Breth’s take on Pénélope was brilliant. She conveyed the essence of the faithful wife, wise queen and resourceful woman. By moving the action to the present, this Pénélope became a real person, not a mythological character. During the orchestral prelude, the opera opened onto a gallery with Grecian statues in a museum. A man, who we later discover is Ulysse, and a frail old woman in a wheelchair pushed by her husband are ambling through the gallery. The same image is repeated in Act II, though this time the woman is replaced by Ulysse in the wheelchair, and the old man pushing the chair is replaced by Pénélope. The double transposition is a brilliant metaphor for conjugal love and loyalty, achieved elegantly and discreetly. It’s also perfectly suited to the action in Act II, where Queen Pénélope has a chat with the old beggar who, unbeknown to her, is Ulysse in disguise.
In Acts I and III, a revolving stage was used to compartmentalize the action and the characters. In Act I, three adjacent rooms are shown: in one room the sleeping maids lament their fate of being born poor but also Pénélope’s procrastination in taking a spouse; in the second room, other maids are performing domestic tasks. This was presented in slow, stylized fashion, reminiscent of the hand movements of the nymphs in the original choreography for the ballet L’Après‑midi d’un faune, which may be an unconscious clin d’œil to Grecian Antiquity. Finally, the five suitors are in a third room, dressed as 1920s mafiosi.
By presenting the characters in different rooms, Breth created distance – between servants and mistress, and above all between Pénélope and her unwanted suitors. The rowdy suitors were revolting, though they could have been worse. Breth is a smart director, and knows that excess has the opposite effect. By dressing them as Mafiosi, they’re already reprehensible. Having them order the palace’s best wine, as if paying customers in a tavern, showed how parasitic they were. Having them fondle the maids made one guess what else they might do. Imagining is more powerful than seeing.
Likewise, the final butchering of the suitors is achieved with minimum gore. Again, in three compartmentalized rooms, we see Pénélope in one, a suitor with a knife in another, and the carcasses of five calves, suspended on hooks.
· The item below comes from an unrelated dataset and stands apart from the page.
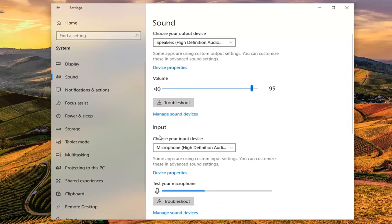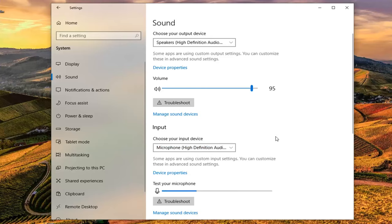On the right side, we'll just choose your input device, select whatever your device is in here. And then you want to select device properties.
The obvious image is that the suitors ordered the butchering of livestock in preparation for the Queen’s wedding to one of them. The subconscious image is of five carcasses for the soon-to-be-butchered suitors; an awful image, yet averting gratuitous gore.
The rooms kept moving and we saw an acrobat holding Ulysse’s bow with her feet, shooting an arrow. In an adjacent room, Eumée and the shepherds join arms, ready to kill the suitors. In yet another space, the five suitors replace the hanging ones, indicating their massacre.
In the finale, the two leitmotifs of Pénélope and Ulysse blended, while the orchestra soared gloriously, together with the chorus of shepherds, maids, king and queen. It was an appropriately euphoric finale for a caringly resurrected treasure.